* Porting the notebook over to use Flask on top of Twisted. What is the
status of this? It seemed like it was pretty much ready when Sage Days
finished last week. Do we just need testers?
* Redesigning the entire communication architecture to be
database-centric. I've consolidated some information, answered some
frequently asked questions, and put up a diagram of the architecture
here: http://wiki.sagemath.org/Notebook%20design
What do people think? I guess one big question is how it compares with
the other main proposal for scalable notebook design:
Should we decide on one or the other, or should both go forward, or
should there be some merging of ideas? I plan to work on the
database-centric design, as it seems to be:
1. easier to manage with smaller more self-contained tasks
2. competitive in scalability
3. Websockets (which I think is a main component of Alex's design) are
probably not going to make it into Firefox 4.0 due to security concerns
[1], so I think that technology may need to mature just a bit more. I
can easily understand what is needed for the database-centric design and
it uses a well-proven architecture and standard existing capabilities.

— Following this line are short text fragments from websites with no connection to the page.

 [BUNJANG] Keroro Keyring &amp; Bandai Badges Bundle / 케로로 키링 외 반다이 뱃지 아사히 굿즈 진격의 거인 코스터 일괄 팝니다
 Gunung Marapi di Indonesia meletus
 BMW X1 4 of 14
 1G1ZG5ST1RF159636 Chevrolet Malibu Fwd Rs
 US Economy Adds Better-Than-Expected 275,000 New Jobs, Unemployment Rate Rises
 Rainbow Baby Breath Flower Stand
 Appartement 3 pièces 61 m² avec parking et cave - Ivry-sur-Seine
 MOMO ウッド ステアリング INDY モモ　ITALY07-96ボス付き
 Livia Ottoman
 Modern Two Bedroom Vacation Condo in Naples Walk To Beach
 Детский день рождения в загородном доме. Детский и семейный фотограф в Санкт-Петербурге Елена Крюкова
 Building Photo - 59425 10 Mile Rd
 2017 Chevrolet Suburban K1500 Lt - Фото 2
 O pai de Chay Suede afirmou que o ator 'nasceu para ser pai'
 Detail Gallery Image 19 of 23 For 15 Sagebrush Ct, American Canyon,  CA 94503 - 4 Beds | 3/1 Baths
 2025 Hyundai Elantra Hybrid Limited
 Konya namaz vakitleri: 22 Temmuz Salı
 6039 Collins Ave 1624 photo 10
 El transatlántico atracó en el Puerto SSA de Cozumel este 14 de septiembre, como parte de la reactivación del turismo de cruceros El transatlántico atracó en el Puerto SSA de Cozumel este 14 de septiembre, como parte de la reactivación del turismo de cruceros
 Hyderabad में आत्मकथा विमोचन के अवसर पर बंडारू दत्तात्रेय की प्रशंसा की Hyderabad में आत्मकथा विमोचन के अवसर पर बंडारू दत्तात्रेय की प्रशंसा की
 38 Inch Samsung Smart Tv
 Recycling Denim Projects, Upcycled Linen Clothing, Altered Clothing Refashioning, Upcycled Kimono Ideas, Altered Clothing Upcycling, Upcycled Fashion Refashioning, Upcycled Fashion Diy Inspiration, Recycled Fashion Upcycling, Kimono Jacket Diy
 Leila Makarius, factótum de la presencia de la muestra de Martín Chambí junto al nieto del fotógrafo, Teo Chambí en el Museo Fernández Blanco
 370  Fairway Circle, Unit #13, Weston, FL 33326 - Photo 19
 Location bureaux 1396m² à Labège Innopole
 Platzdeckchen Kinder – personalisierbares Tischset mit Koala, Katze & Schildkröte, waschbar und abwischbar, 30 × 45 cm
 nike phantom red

Also, Flask will not support websockets (i.e., wsgi doesn't support
websockets) and probably won't in the near future. After seeing the
readability improvement when moving to flask, I'm willing to give up
websockets right now to get a more developer-friendly notebook.
I just want to make sure that we don't run out of steam before we get
some steady progress going.
Jason
[1] http://hacks.mozilla.org/2010/12/websockets-disabled-in-firefox-4/
I was talking with Greg Bard yesterday, and an idea came up for
another related project that would be much easier, yet still very
helpful to a _lot_ of users. It's to make a very highly scalable
database-oriented secure website that does nothing but "evaluate a
block of Sage code in a clean namespace". The key thing is that we
make it incredibly scalable, e.g., to thousands of users. And somehow
test this scalability.
This could be fairly easy to build starting with the demo here:
http://code.google.com/p/simple-python-db-compute/. It will have to
display graphics, etc., so the javascript is still nontrivial. But
doing this is vastly less daunting than what is mentioned below, and I
can't see how we could do our ultimate goal without easily doing what
I'm proposing here.
I imagine that this could be something that specifically uses apache +
mongodb.
Once it works, we could try to modify it to also serve individual
public interacts.
Does anybody want to help with this?
> What do people think? I guess one big question is how it compares with the
> other main proposal for scalable notebook design:
>
> https://docs.google.com/document/d/1uYJXPAWypGgb92QStJ19cW-29y4-hn5hi8oXMR-11TU/edit?hl=en&authkey=CISp9cQB&pli=1#
>
> Should we decide on one or the other, or should both go forward, or should
> there be some merging of ideas?
> I plan to work on the database-centric
> design, as it seems to be:
The two designs are in a sense orthogonal, due to their levels of detail.
The "database-centric design" has I think far more details thought
through. That said, Alex's design above is also database-centric.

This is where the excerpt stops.